Sunday, March 5, 2017

HOW TO GET FILTHY RICH IN RISING ASIA, entrepreneurship's dark side

HOW TO GET FILTHY RICH IN RISING ASIA
MOHSIN HAMID

Riverhead Books
$17.00 trade paper, available now

Rating: 3.5* of five

The Publisher Says: His first two novels established Mohsin Hamid as a radically inventive storyteller with his finger on the world’s pulse. How to Get Filthy Rich in Rising Asia meets that reputation and exceeds it. The astonishing and riveting tale of a man’s journey from impoverished rural boy to corporate tycoon, it steals its shape from the business self-help books devoured by ambitious youths all over “rising Asia.” It follows its nameless hero to the sprawling metropolis where he begins to amass an empire built on that most fluid, and increasingly scarce, of goods: water. Yet his heart remains set on something else: on the pretty girl whose star rises along with his, their paths crossing and recrossing, a lifelong affair sparked and snuffed and sparked again by the forces that careen their fates along.

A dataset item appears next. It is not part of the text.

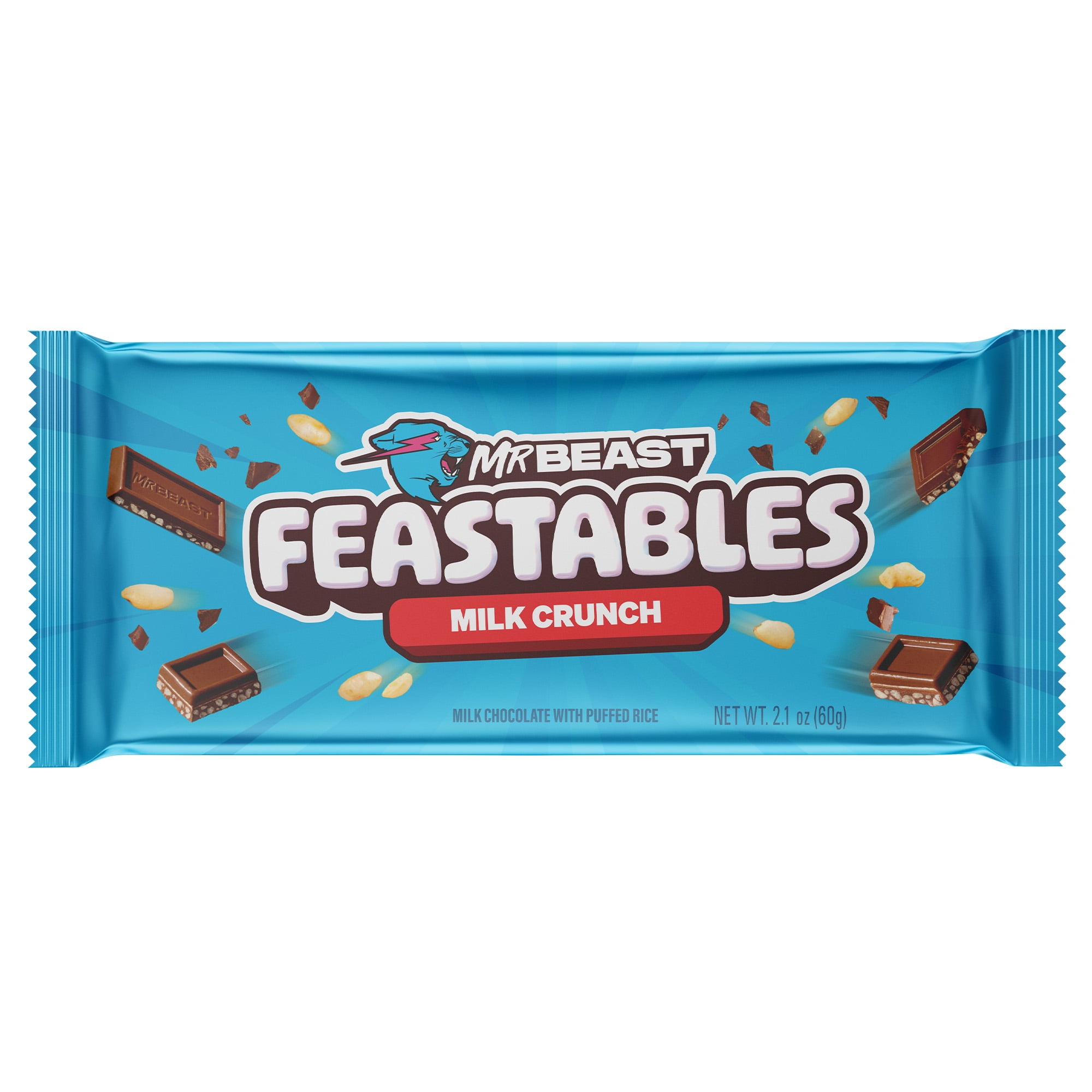 Feastables MrBeast Milk Chocolate Bar, Oz (60g), Count, 50 OFF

How to Get Filthy Rich in Rising Asia is a striking slice of contemporary life at a time of crushing upheaval. Romantic without being sentimental, political without being didactic, and spiritual without being religious, it brings an unflinching gaze to the violence and hope it depicts. And it creates two unforgettable characters who find moments of transcendent intimacy in the midst of shattering change.

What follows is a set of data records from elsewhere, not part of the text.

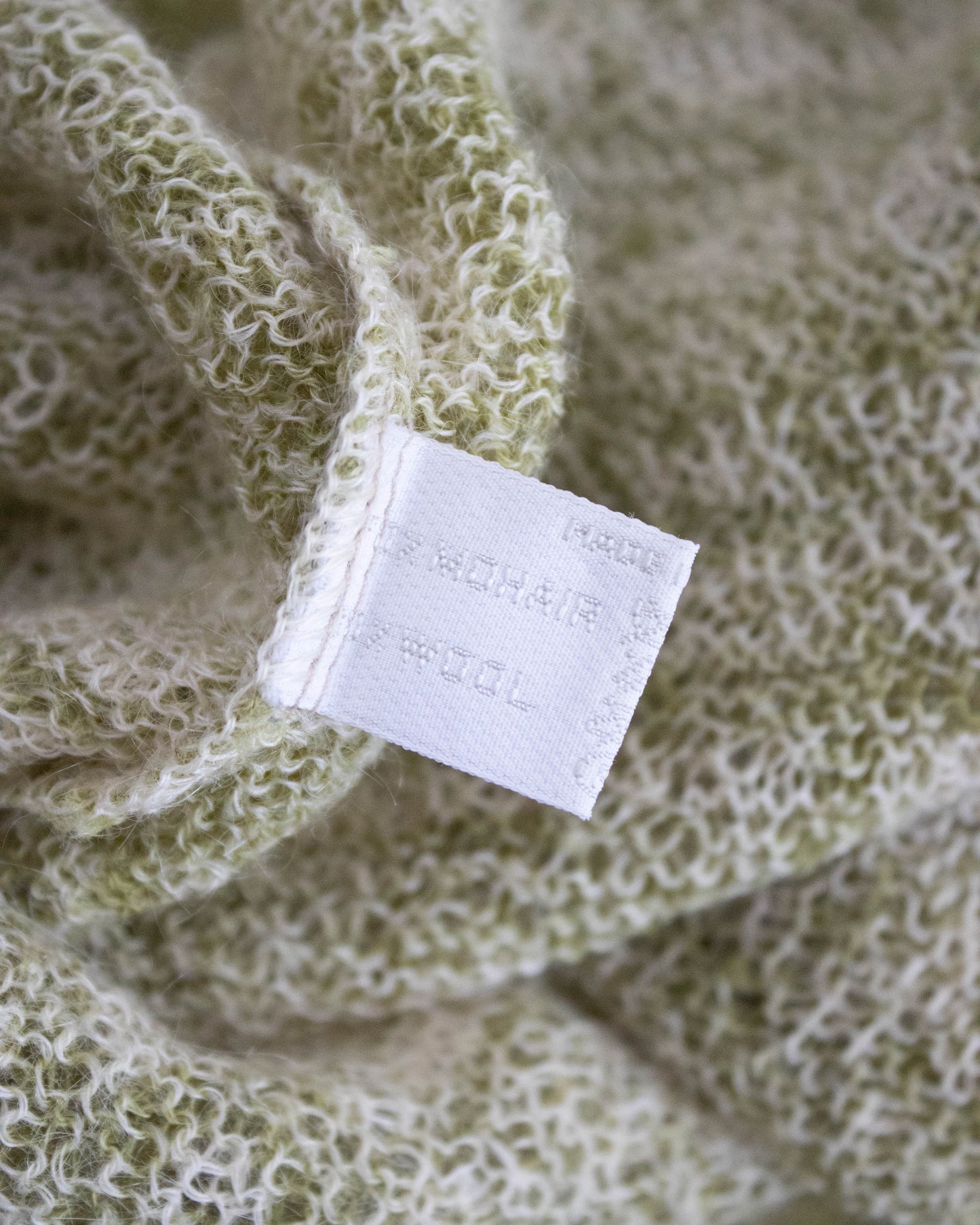 Vintage S/S 1996 Prada 'Ugly Chic' Tweed Print Cropped Sweater / IT 40 (XS-S)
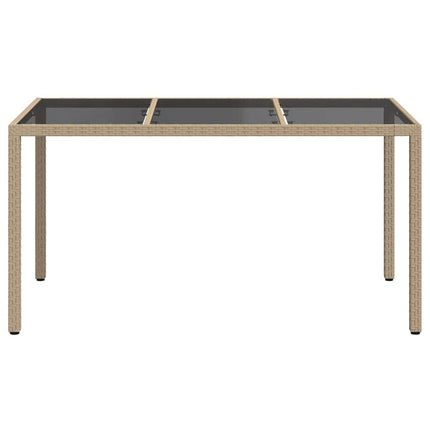 Trädgårdsbord Beige 150 x 90 x 75 cm konstrotting
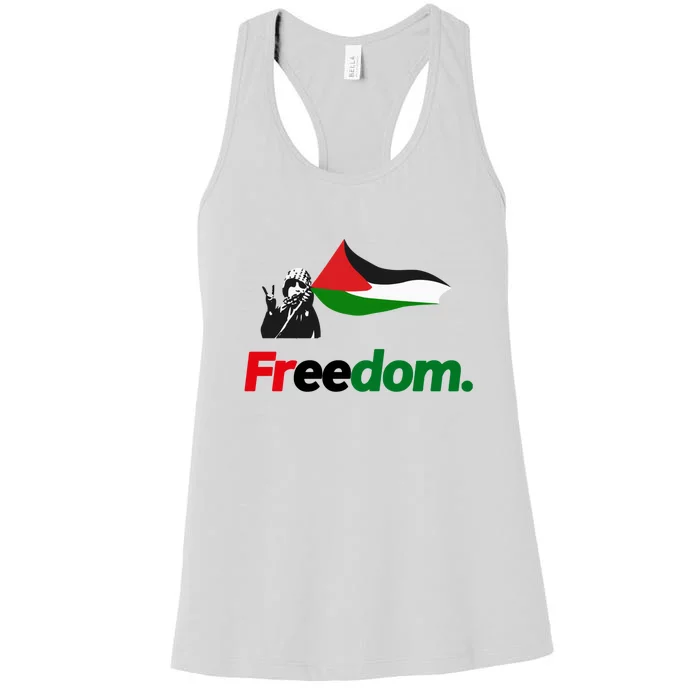 Free Palestine Freedom Women's Racerback Tank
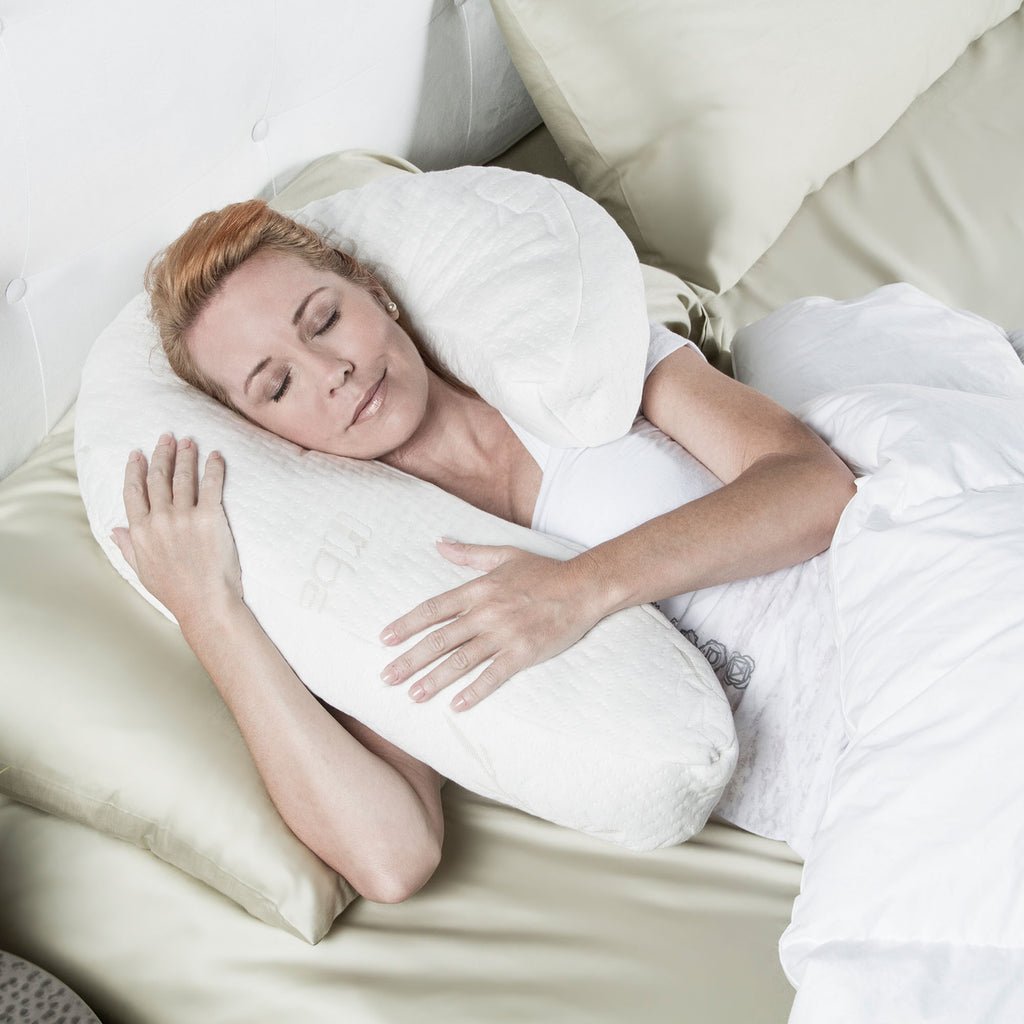 Avana Uno Memory Foam Snuggle Pillow | Ergonomic Side-Sleeper Support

THE PUBLISHER PROVIDED ME WITH A REVIEW COPY OF THIS BOOK AT MY REQUEST. THANKS!

My Review: An internationally flavored mash-up of Death of a Salesman and The Man in the Grey Flannel Suit.

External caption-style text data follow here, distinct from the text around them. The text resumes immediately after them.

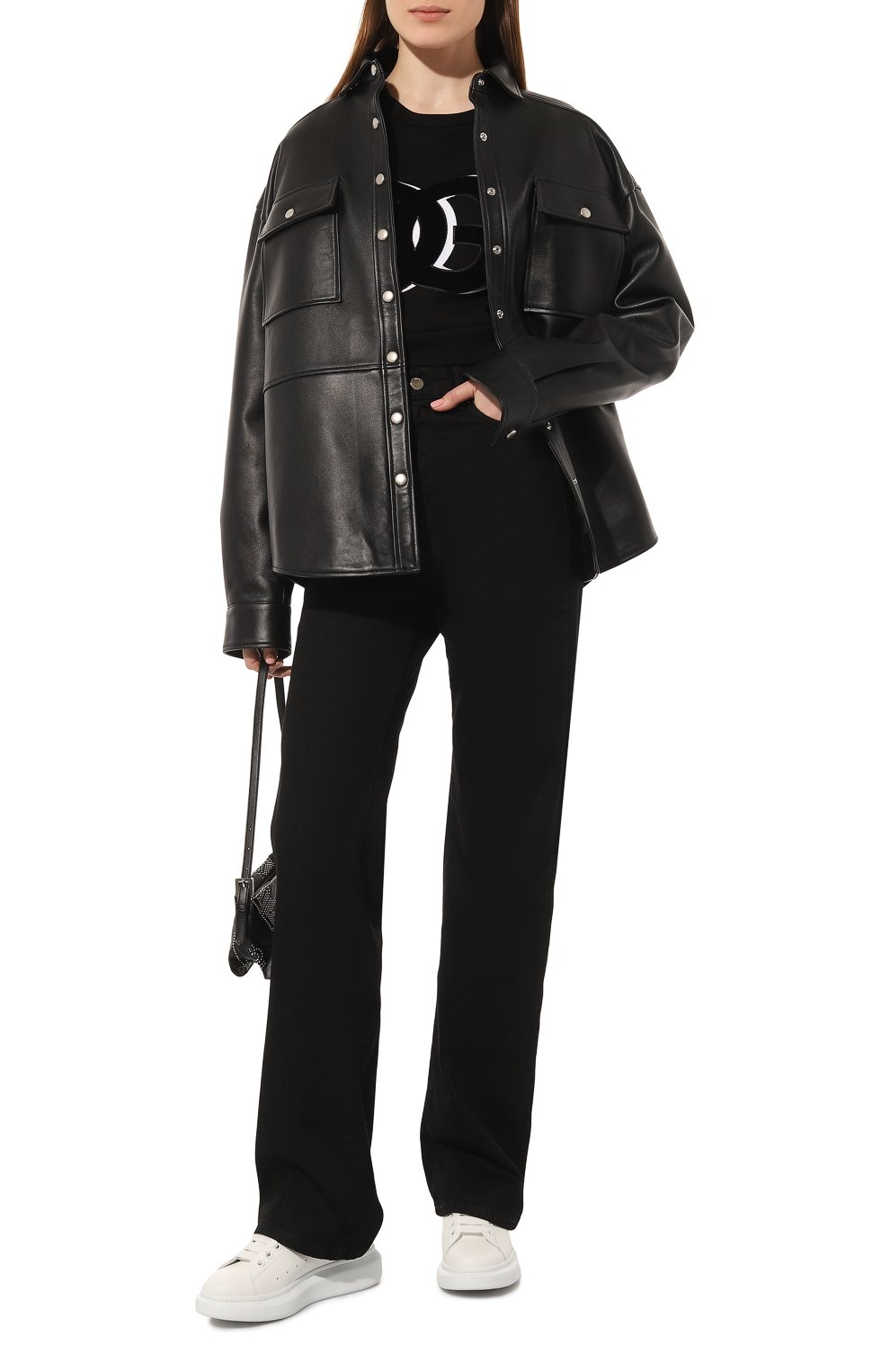 Хлопковый свитшот DOLCE & GABBANA черного цвета по цене 87450 руб., арт. F9P40Z/HU7HV, фото 2 Хлопковый свитшот DOLCE & GABBANA, арт. F9P40Z/HU7HV, фото 2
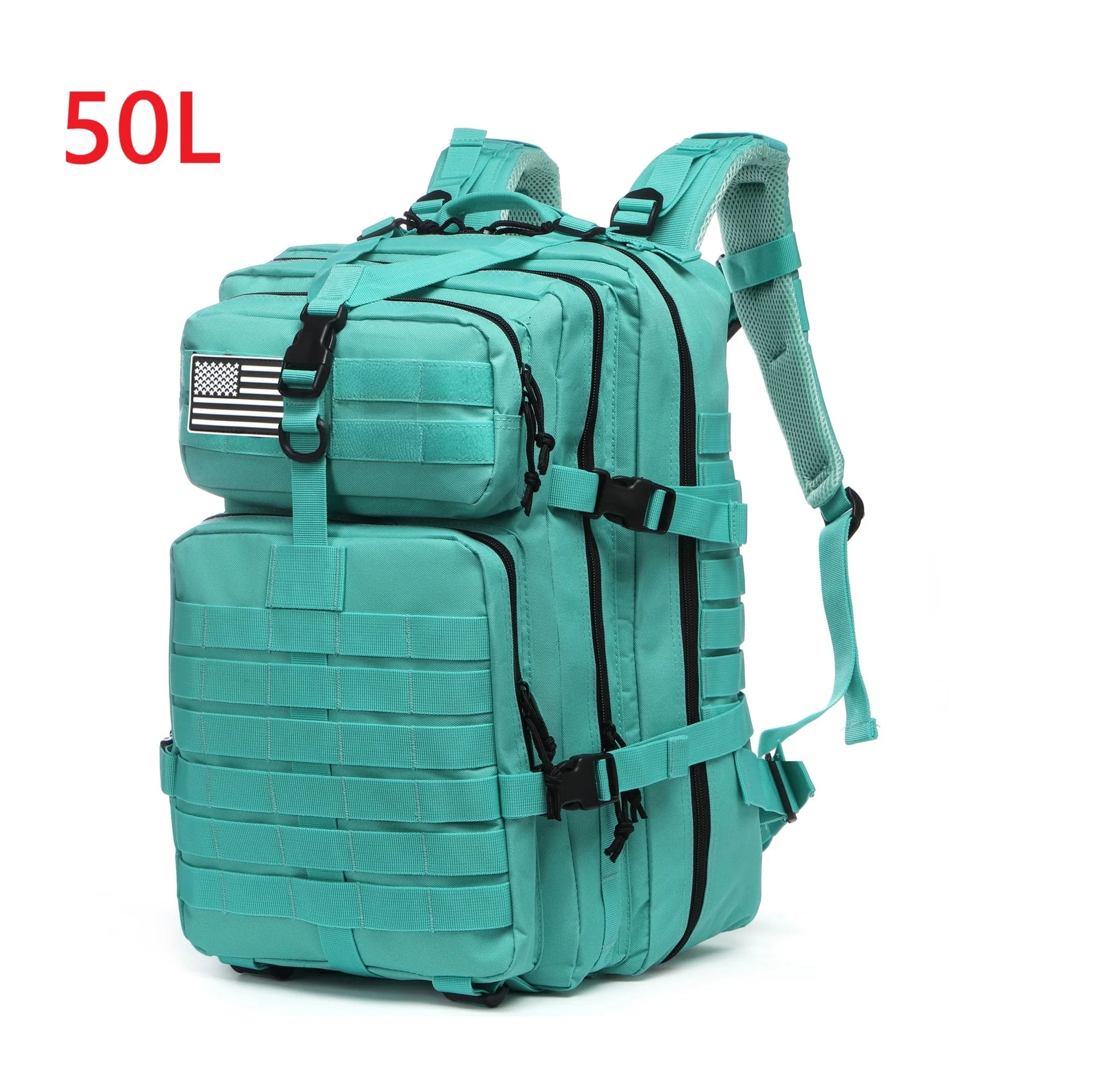 25L/50L Sturdy Nylon Waterproof, Tactical Camping, Hiking Backpack.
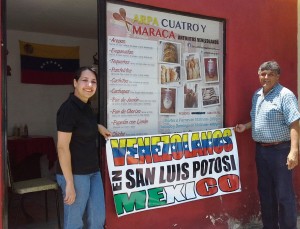 Zobeida Frederick y Carlos Minjerez, son activistas por el retorno de la democracia de Venezuela.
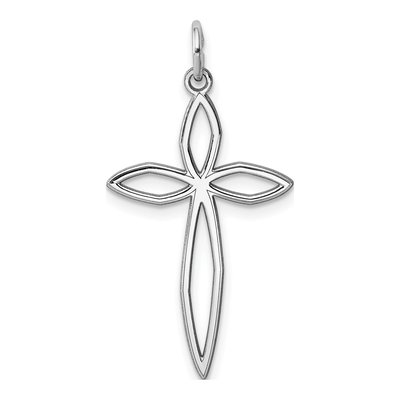 Sterling Silver Laser Cut Cross Pendant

I liked both of those stories, and this one too. I got tired of the second-person gag way early, and it took most of a month to read the book because of that.

What I most appreciated about the book was Hamid's gift for the pithy aperçu:
We are all refugees from our childhoods.

Readers don’t work for writers. They work for themselves.

The fruits of labor are delicious, but individually they’re not particularly fattening.
I love this sort of distilled wisdom. I like the way Hamid feeds it to his readers, in logical places, in small bites, in the course of telling the story. He doesn't set his gems in solitaires but parures. It makes for a richer reading experience this way.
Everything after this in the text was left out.